(Work instructions) For this exercise, retype the lines from the one that holds "Pemberly Row Solid" through the one that holds "mosaic tiles in" in the records below, both included, exactly and without pictures.

(Listed entries)

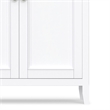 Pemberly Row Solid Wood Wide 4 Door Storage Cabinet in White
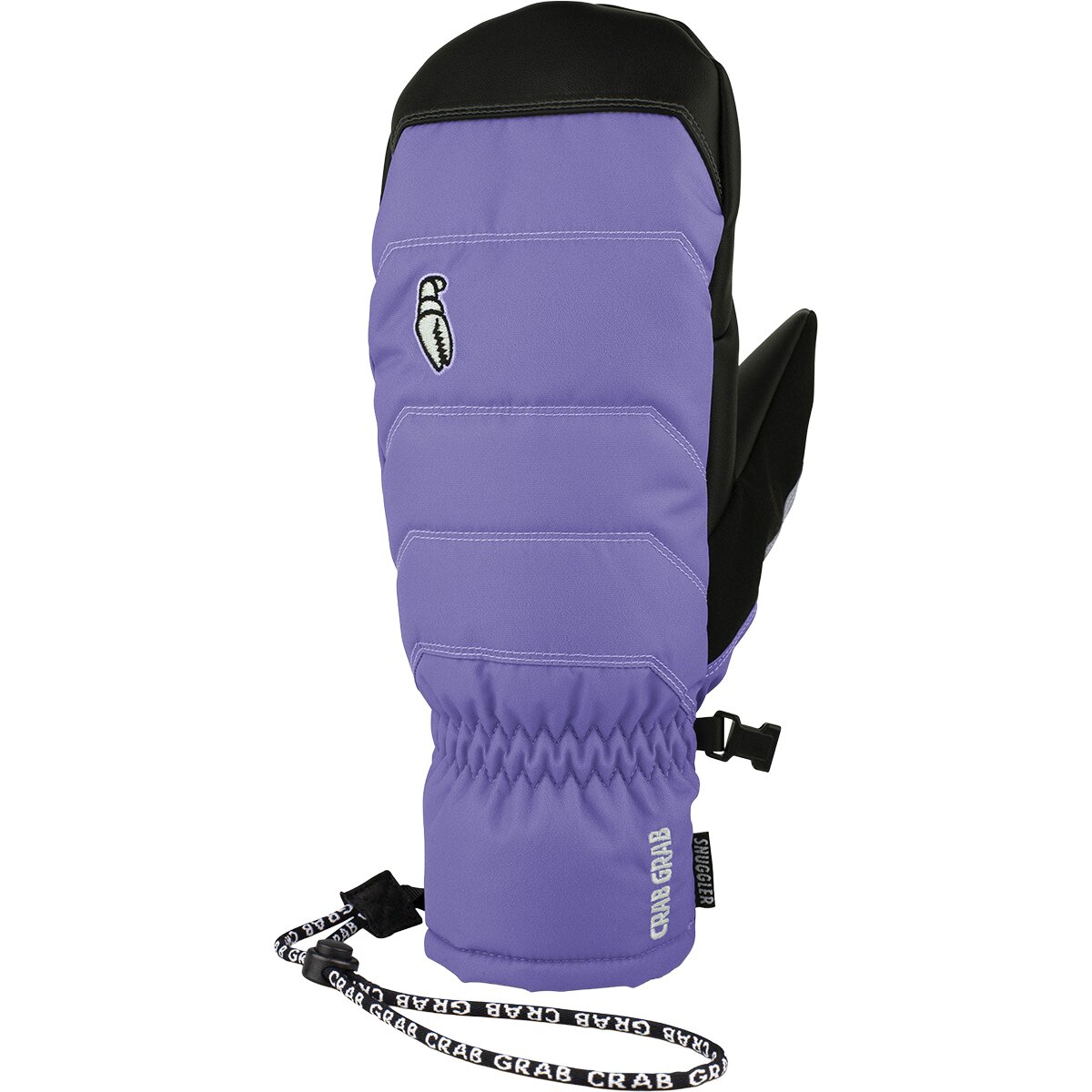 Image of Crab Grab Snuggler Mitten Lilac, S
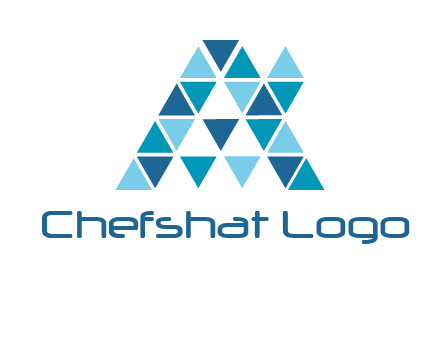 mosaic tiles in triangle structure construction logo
--
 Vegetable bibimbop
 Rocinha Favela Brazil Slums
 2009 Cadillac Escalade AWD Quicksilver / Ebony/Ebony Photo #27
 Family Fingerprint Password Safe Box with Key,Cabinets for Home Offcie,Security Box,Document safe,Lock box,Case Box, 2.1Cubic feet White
==
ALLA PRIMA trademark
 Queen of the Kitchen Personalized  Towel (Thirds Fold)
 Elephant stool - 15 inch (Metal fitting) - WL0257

(Answer to this task)
 Pemberly Row Solid Wood Wide 4 Door Storage Cabinet in White
 Image of Crab Grab Snuggler Mitten Lilac, S
 mosaic tiles in triangle structure construction logo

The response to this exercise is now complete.